What you return should be the full listing, word for word, without a single image.

__GIVEN DATA__
***
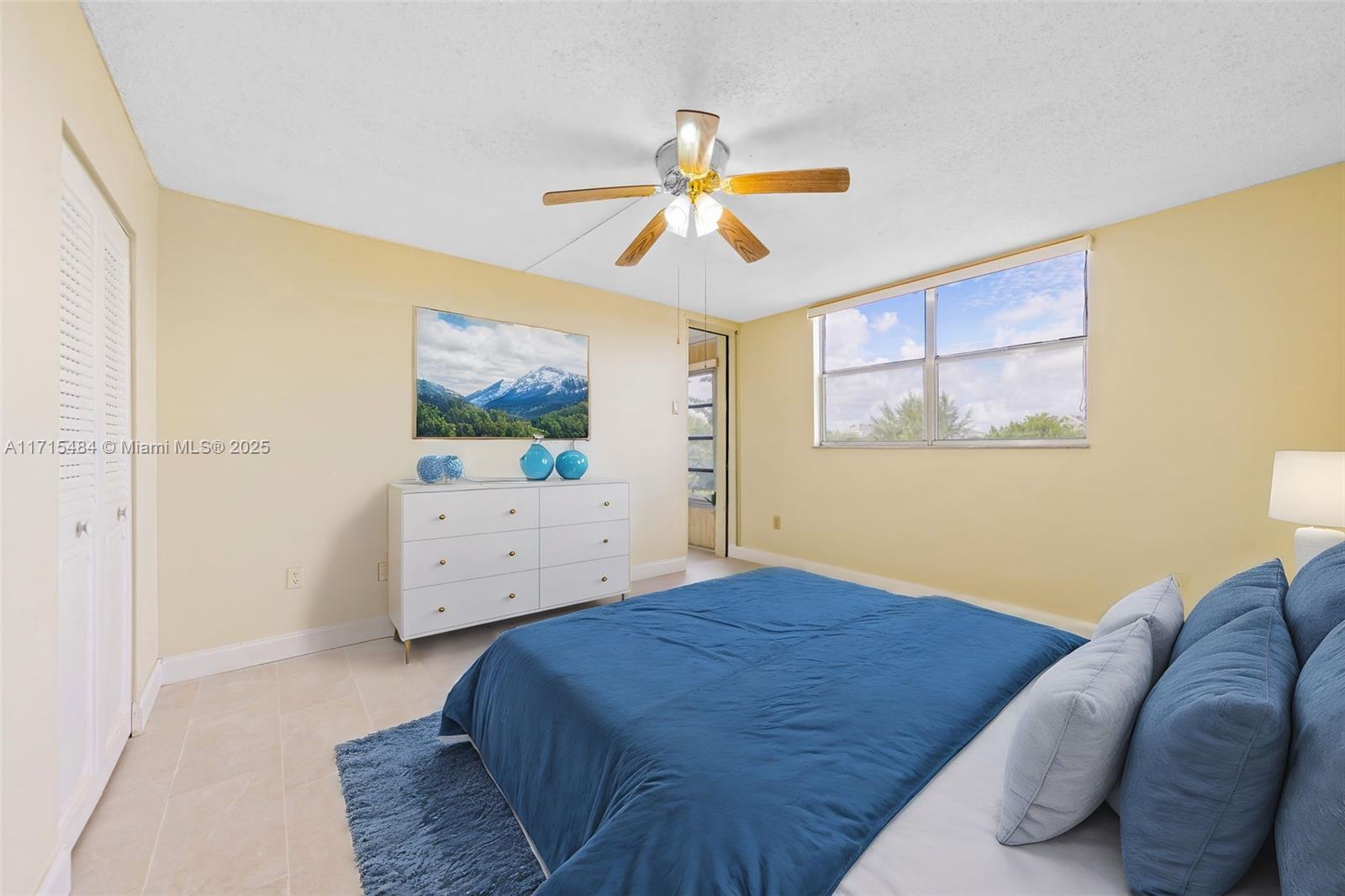 SOMERSET AT LAUDERDALE LA - Residential Lease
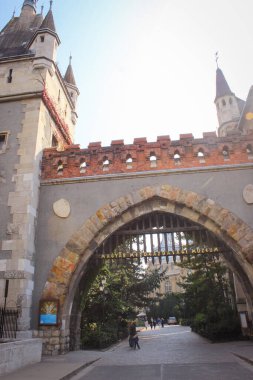 Budapeşte, Macaristan - 09 Ekim 2014: Vajdahunyad Şatosu Macaristan 'ın başkenti Budapeşte' de bulunan bir kaledir.. 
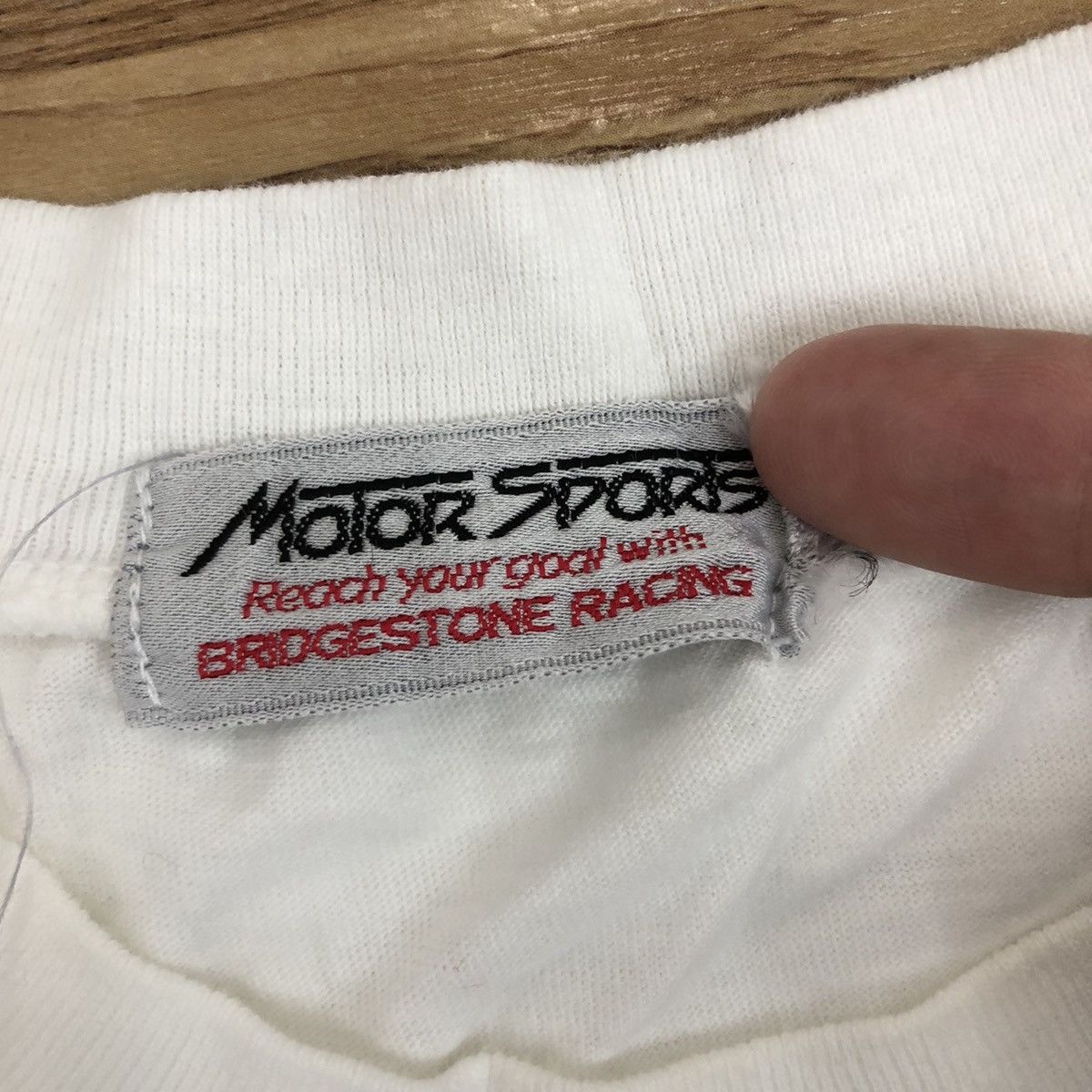 Vintage Vintage 80s BRIDGESTONE Racing T-Shirt Motosports Honda Y Size US S / EU 44-46 / 1 - 4 Thumbnail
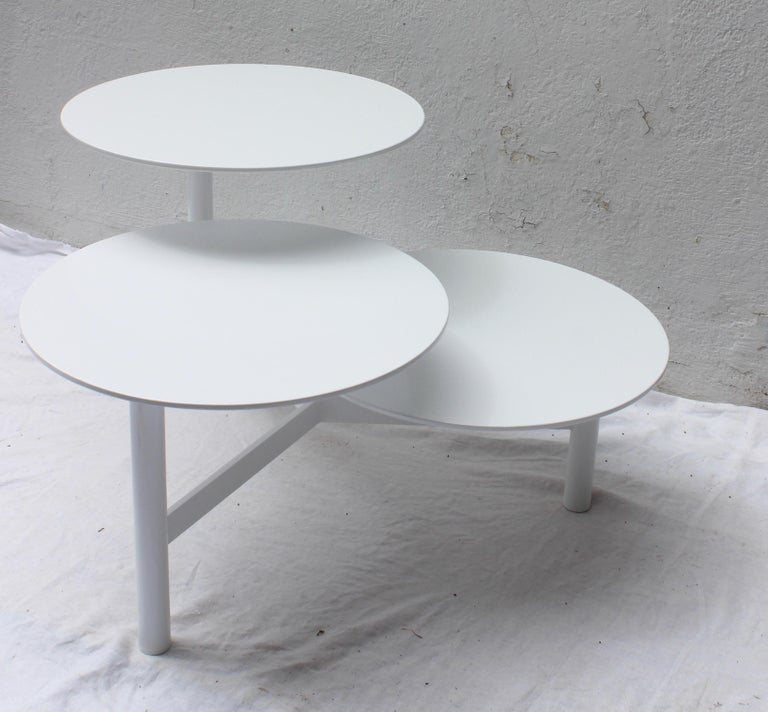 Modern White Metal Coffee Table For Sale at 1stdibs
***
__WRITTEN ANSWER__
 SOMERSET AT LAUDERDALE LA - Residential Lease
 Budapeşte, Macaristan - 09 Ekim 2014: Vajdahunyad Şatosu Macaristan 'ın başkenti Budapeşte' de bulunan bir kaledir.. 
 Vintage Vintage 80s BRIDGESTONE Racing T-Shirt Motosports Honda Y Size US S / EU 44-46 / 1 - 4 Thumbnail
 Modern White Metal Coffee Table For Sale at 1stdibs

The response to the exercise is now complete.